Today, we are excited to share that Tavily, a powerful web search API designed for AI applications, RAG, and agentic flows, is now available as a data source plugin in the Dify Marketplace.
A few weeks ago, we launched the Dify Knowledge Pipeline, a new starting point for users to orchestrate their RAG workflow. Every component is pluggable, from uploading and parsing data sources to chunking and embedding them. This flexibility lets users build the optimal RAG solution for their unstructured data, ensuring LLM responses that are both accurate and context-aware.

Below, we break down a way Tavily can fit into your Knowledge Pipeline.
Getting Started with Tavily
Setup
Install the Tavily plugin from Dify Marketplace
Get your API key from Tavily by signing up and making a free account, and add the key in Dify: Settings > Data Source > Tavily.

Build Your Pipeline
Choose a template or build from scratch.
We've created several templates for common use cases: simple documents, long technical manuals, complex PDFs, and structured tables. Start with a template, customize it for your needs, and deploy.

Here's one way: use the LLM-generated Q&A template and select Tavily as your data source.
This pipeline uses an LLM to extract key information from Tavily's web crawl and generate Q&A pairs. The processed data is stored in your knowledge base for on-demand retrieval.

A Few Tips:
Create a variable in settings for search query input.

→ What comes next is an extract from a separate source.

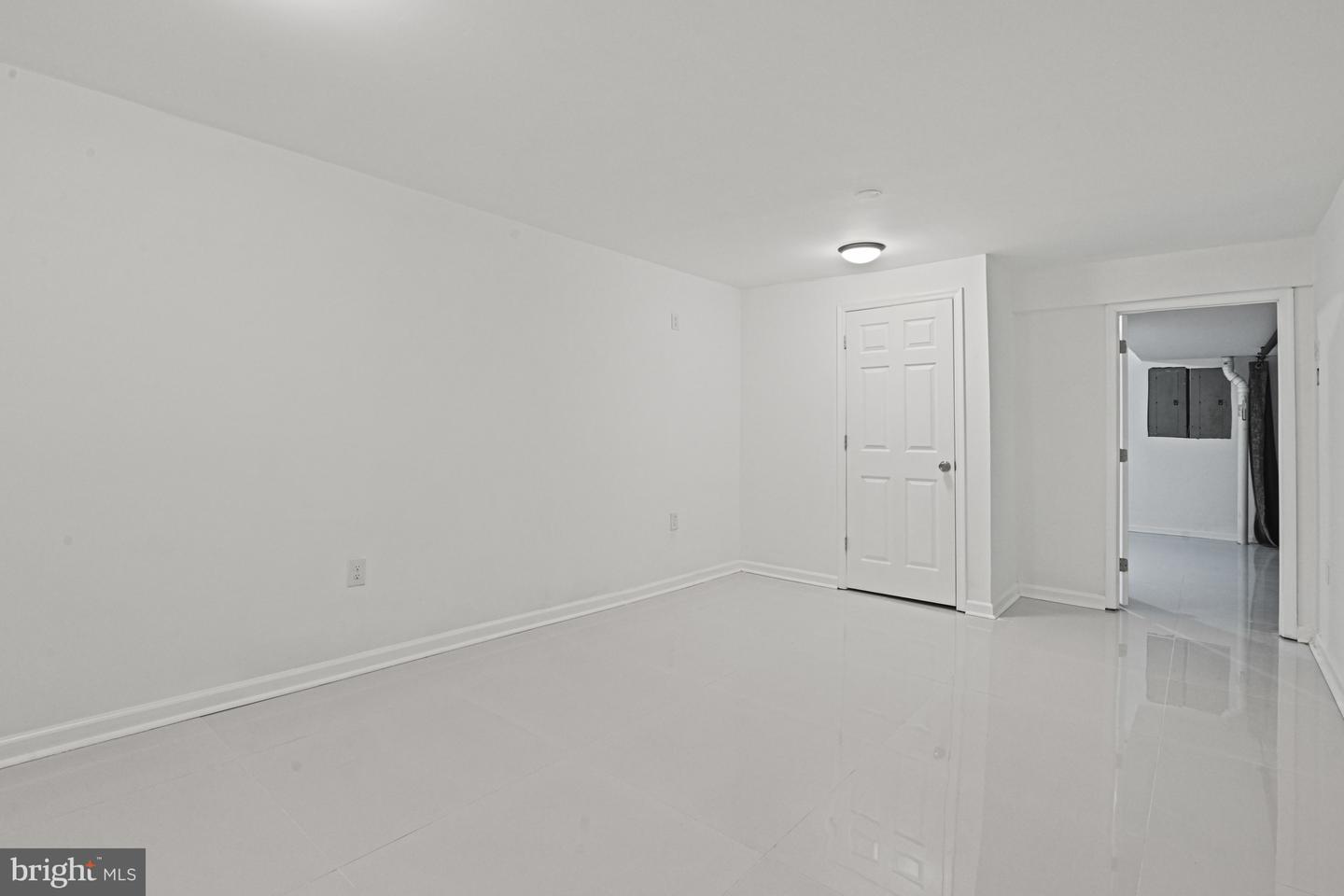 355 SPRINGVALE RD, GREAT FALLS, Virginia 22066, 4 Bedrooms Bedrooms, ,3 BathroomsBathrooms,Residential,For sale,355 SPRINGVALE RD,VAFX2281272 MLS # VAFX2281272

Adjust crawl parameters (search depth, max results, topic filters, etc.) to fit your use case.

3. Configure your LLM node to use Tavily's output as context in the system prompt.

Final step: configure the Knowledge Base node.
Set your index, choose an embedding model, and adjust retrieval settings. Publish the pipeline, and you're good to go.

Putting It to Work
As an example, we crawled Tavily's help documentation. Each article is processed into Q&A pairs and stored in the knowledge base.

Now this knowledge base is available across all your Dify applications: chatbots, agents, workflows, anywhere you need to build with context.
About Tavily
Search. Extract. Crawl. The web access stack built for builders, by builders. Tavily powers the next generation of agents with a suite of tools for real-time Search, structured data Extraction, and fully-rendered Crawling — everything agents need to access and reason over the live web. Purpose-built for RAG, autonomy, and production-grade agent systems.
About Dify
Dify is an open-source platform for developing LLM applications. Its intuitive interface combines agentic AI workflows, RAG pipelines, agent capabilities, model management, observability features, and more—allowing you to quickly move from prototype to production.